Detail of Saltley Gate mural showing Arthur Scargill, at that time a rank and file member of the NUM, addressing the strikers and supporters in including 30,000 Birmingham workers who stopped work on 10th February 1972.

It’s just two years before the 50th anniversary of the Battle of Saltley Gate in 2022. South and City College, Birmingham in Digbeth, long a centre for trades union studies, are hosting us for the 48th anniversary on 11th February. Banner Theatre will be leading the celebrations with excerpts from their acclaimed repertoire around working peoples’ achievements, including the Battle of Saltley Gate. An unknown rank and file NUM member in ’72, Arthur Scargill, will be back in Birmingham to speak at this event. He will be joined by Paul Mackney, a former General Secretary of NATFHE, closely involved in the commissioning of a mural on Saltley Gate at this college when President of Birmingham Trades Union Council and Doug Nicholls, President of the Federation of Trades Unions from 2007-9 and elected its General Secretary in 2012.

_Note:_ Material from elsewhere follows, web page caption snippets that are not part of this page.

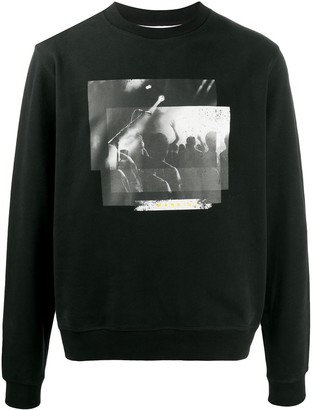 7 for all mankind hoodie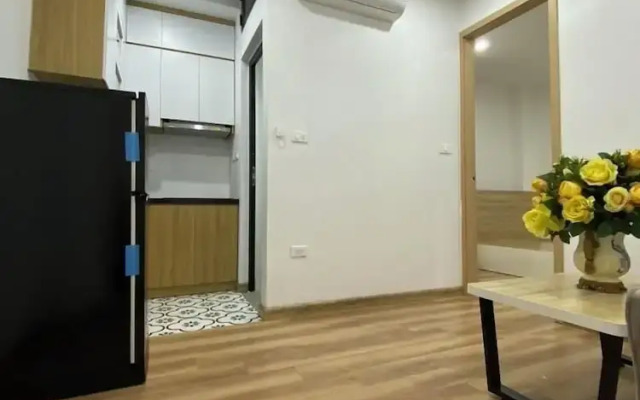 Era Apartment Thai Ha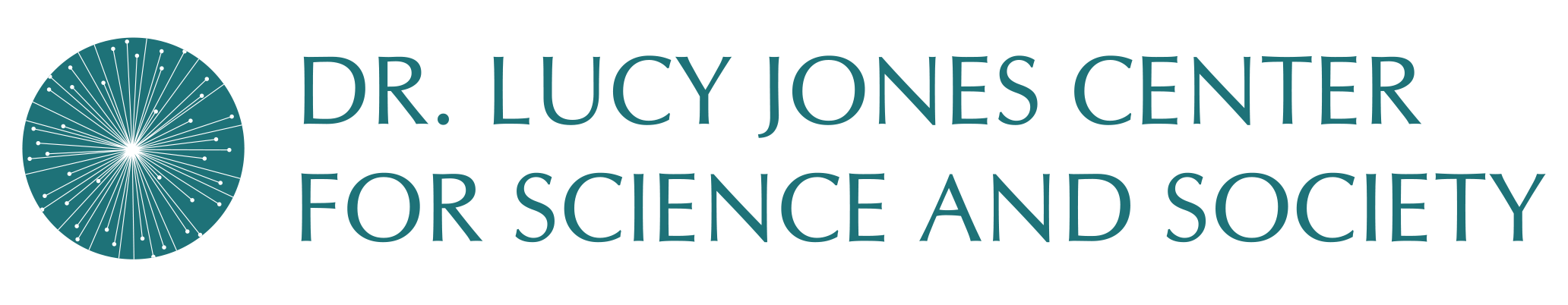 Dr Lucy Jones Logo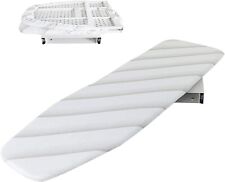 Nisorpa Pull Out Ironing Board 180° Rotatable Ironing Board 95.6 x 30cm for sale  Shipping to South Africa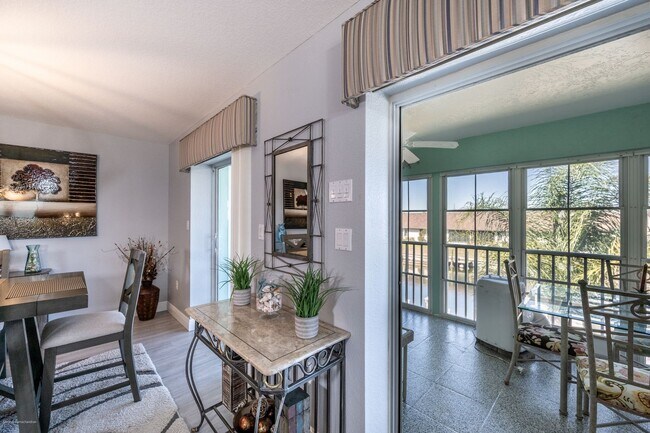 Building Photo - PRICE DROP!! FURNISHED ANNUAL RENTAL- WATERFRONT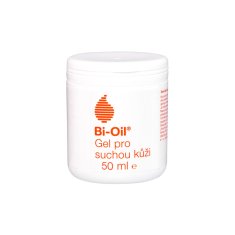 Bi-Oil Tělový gel pro suchou pokožku - (PurCellin Oil) W Objem: 100 ml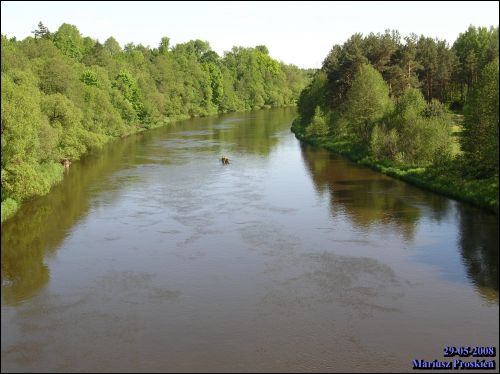 Жодишки. Пейзажи 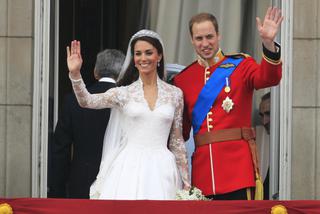 Księżna Kate - rok 2011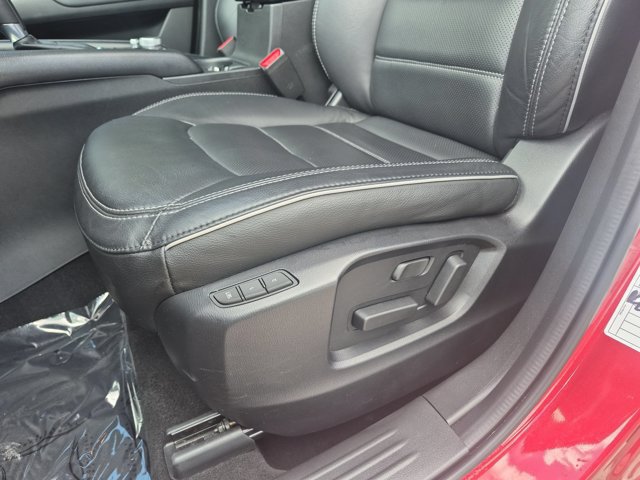 Used 2025 MAZDA CX-5 AWD 2.5 S w/ Preferred Package image 11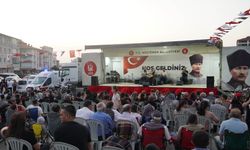 Keçiören’de Yaz Konserleri Coşkusu Başladı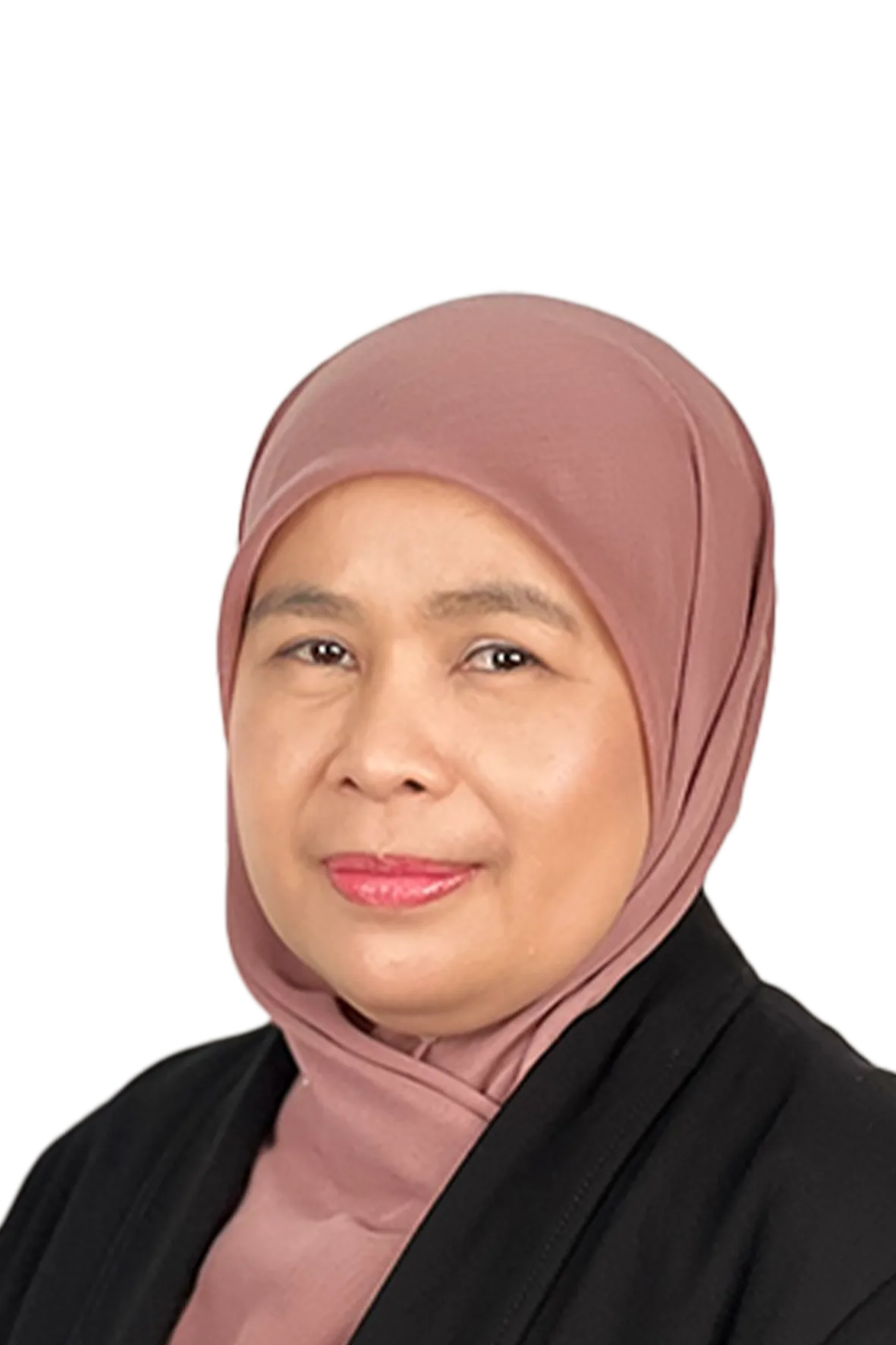 Sukirah Mohd Jadi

A group of us visited the College in advance to make arrangements for the meeting: Ian Scott, President of Birmingham Trades Council, Graham Stevenson, a former national organiser for the TGWU and son-in-law of the late Frank Watters, a key player at Saltley Gate, Bhagwant Singh and myself from the Socialist Labour Party. We were met by a member of staff, new to the College. We met in the place where the event would take place. Our first question was “where is the mural?” “What mural?” came the response.

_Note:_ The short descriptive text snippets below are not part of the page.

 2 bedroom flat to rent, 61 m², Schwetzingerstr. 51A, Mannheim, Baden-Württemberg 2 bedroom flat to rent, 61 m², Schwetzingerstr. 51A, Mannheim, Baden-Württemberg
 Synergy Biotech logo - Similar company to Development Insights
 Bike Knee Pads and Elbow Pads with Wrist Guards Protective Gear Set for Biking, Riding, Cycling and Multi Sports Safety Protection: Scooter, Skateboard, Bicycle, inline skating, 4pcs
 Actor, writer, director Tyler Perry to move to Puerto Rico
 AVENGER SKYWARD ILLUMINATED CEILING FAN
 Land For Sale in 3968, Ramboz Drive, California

At that moment a college lecturer arrived. “Yes I can show you the mural. It’s in the classroom I use for teaching about trades union history” he told us. 

The College has undergone modernisation and is a thriving organisation. However the mural had been moved from the original site. We joined our hosts on a trip up two floors, and yes there it was, or at least most of it. Our hope is to get the mural on display in its entirety, preferably in Birmingham which in 2022 will be hosting the Commonwealth Games. 

There never was a better time to revisit Saltley in 1972 when failure to achieve solidarity for working people in struggle has allowed political opportunists to masquerade as their champions at the 2019 General Election. The very authors of austerity and opponents of trades union power were allowed to take over by a disunited leadership in the labour movement, a significant number of whom were distracted by the privileges and opportunities for personal advancement offered to them by powerful interests particularly in Brussels and Westminster.

The 48th Anniversary of Saltley Gate meeting takes place at South and City College Birmingham Annexe, High Street, Deritend, Digbeth, B5 5SU on Tuesday, 11th February from 6.00pm to 9.00pm

There will be exhibition stalls at the meeting at Digbeth representing unions and other organisations fighting for equality and justice, including the IWA in Birmingham who have led on demonstrations in Birmingham and London in support of rights of Moslems in India, and the West Midlands Palestine Solidarity Campaign.